Musica: Stop, Goran Bregovic
7. L’albero scosso dal vento
E a questo punto, in silenzio, trovato un luogo adatto, un angolo di terra accogliente e sicuro, ci fermiamo e mettiamo radici. Percepiamo i nostri piedi irrorati che aderiscono a terra, e immaginiamo le terminazioni che si allungano nel terreno. Siamo un ponte, tra la linfa che proviene da terra e l’energia del sole che proviene dal cielo. Solo quando ci sentiamo ben piantati, inizierà l’ultimo ascolto, che sarà il nostro vento. Scuoterà i nostri rami, i nostri tronchi, in movimenti dolci o vorticosi, lenti o rapidi, tesi o piegati, fluidi o spezzati. Ma le nostre radici saranno ben salde a terra, ancorate, solide.

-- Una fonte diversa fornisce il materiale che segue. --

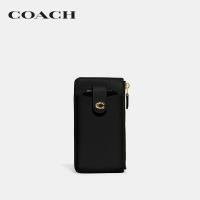 ราคา COACH กระเป๋าสตางค์ผู้หญิงรุ่น Essential Phone Wallet สีดำ CJ866 B4 BK (20146438696)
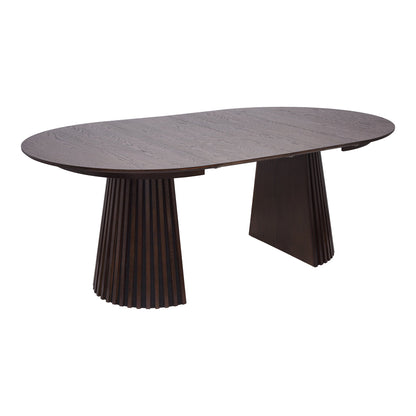 Kitchen Table TOKYO (Smoked Oak, Extendable)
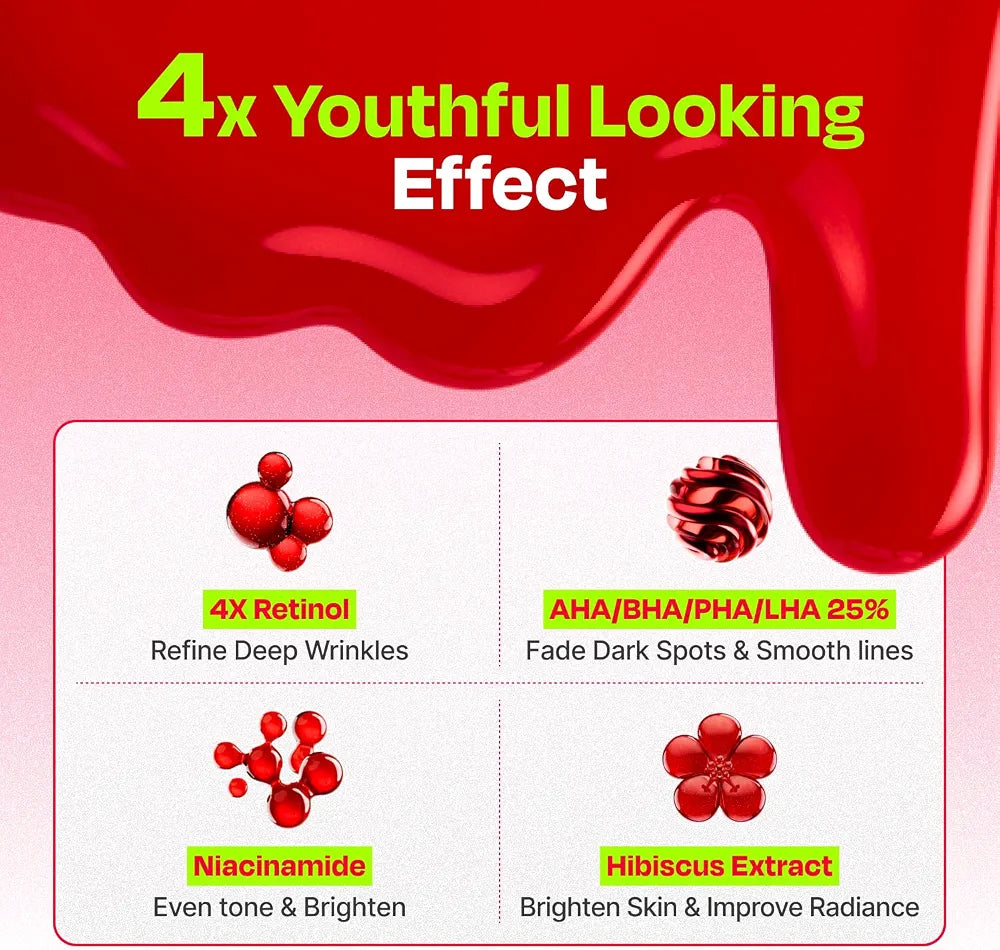 Celladix Red Retinol Wash Peel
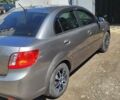 Серый Киа Рио, объемом двигателя 1.4 л и пробегом 90 тыс. км за 5000 $, фото 3 на Automoto.ua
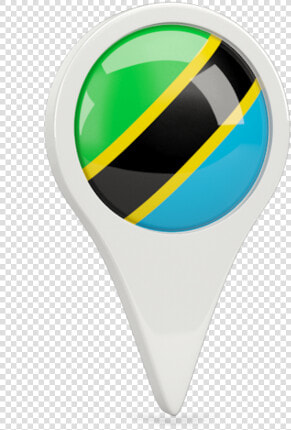 Tanzania Round Pin Icon 640   Tanzania Flag Round Pin  HD Png DownloadTransparent PNG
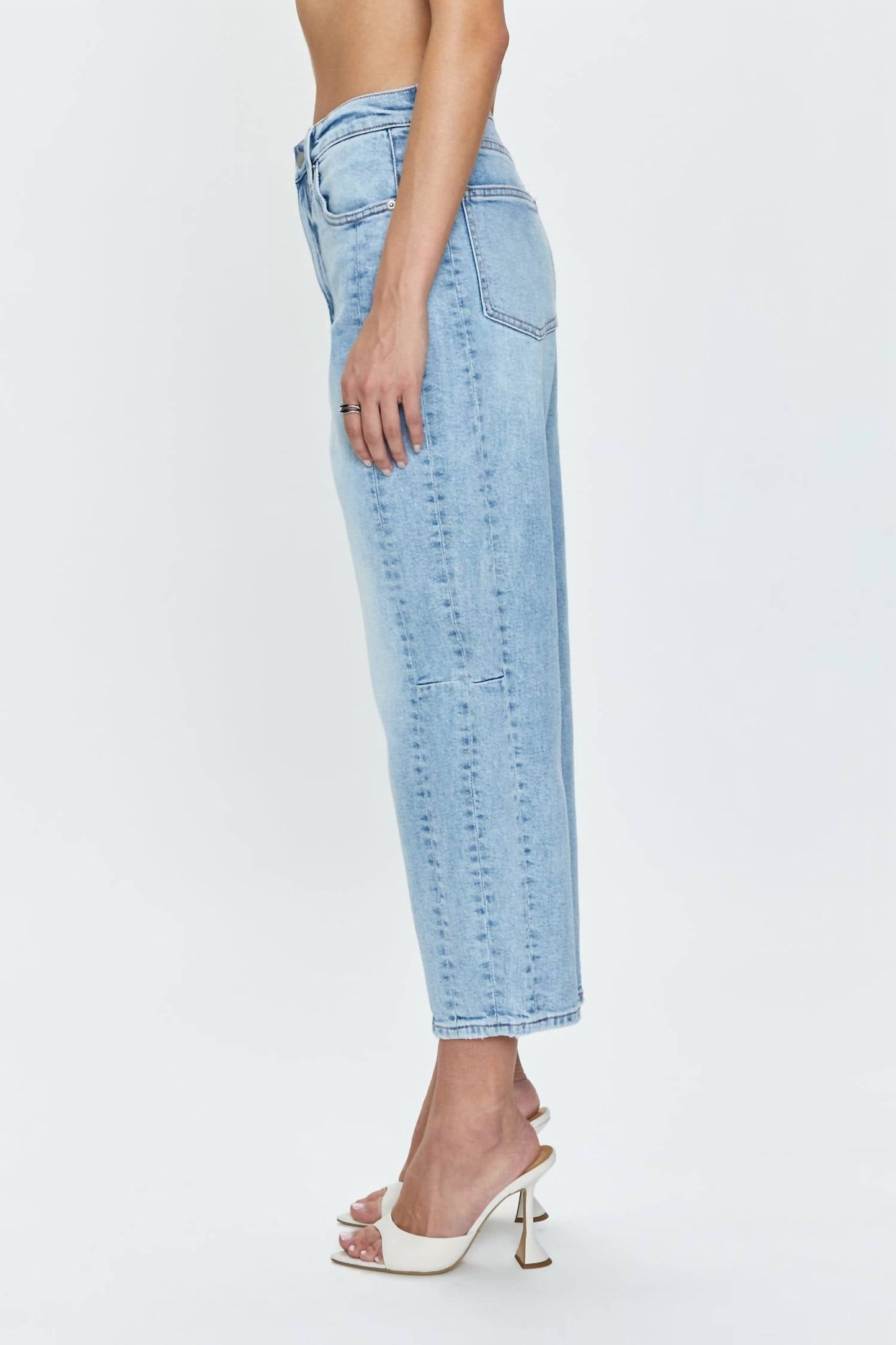 Pistola - Eli High Rise Arched Leg Pant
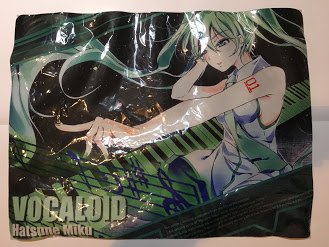 中古プレイマット】VOCALOID 初音ミク - 【カードショップ アヴァロン】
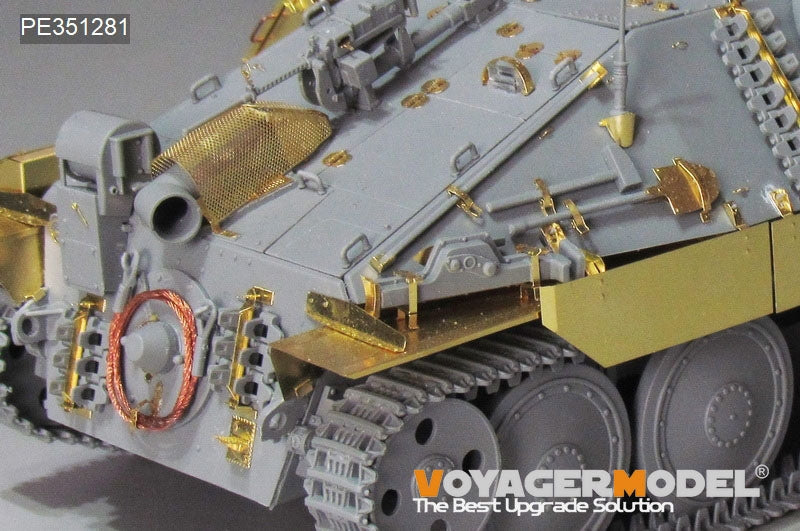 Kit de mise à niveau Voyager Model PE351281 PZJ G13 Chasseur de chars Version initiale pour TAKOM 1/35 – image 5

Musica: Street Spirit, Radiohead
8. Alla terra
Finite le danze, ci stendiamo a terra, nella posizione che preferiamo, e rimaniamo in silenzio, in ascolto per almeno 10 minuti. Siamo completamente sorretti dalla terra, che ci accoglie, generosa e solida, e dialoga con la nostra energia. Ci lasciamo andare, fiduciosi, percependo la forza e l’immensità della madre terra che ci consola, mentre esausti e liberi la ringraziamo con un leggero sorriso. Impariamo l’ascolto, la fiducia, il lasciar andare, la libertà, la condivisione, l’appartenenza, l’immobilità, l’amore.
9. Un canto
Ci sediamo comodamente, la schiena diritta ma rilassata. Non dobbiamo avvertire alcun tipo di tensione nel corpo. Nel silenzio, nell’abbandono cantiamo il bija mantra “lam” (LLLAAAMMM), per tutta la durata dell’espirazione, accentuando la consonante “l” e lasciando che il suono vocalico della “a” piano piano si nasalizzi in “m”. Proseguiamo per almeno 5 minuti. Ascoltando la forza e il dinamismo dell’appoggio del nostro primo chakra a terra.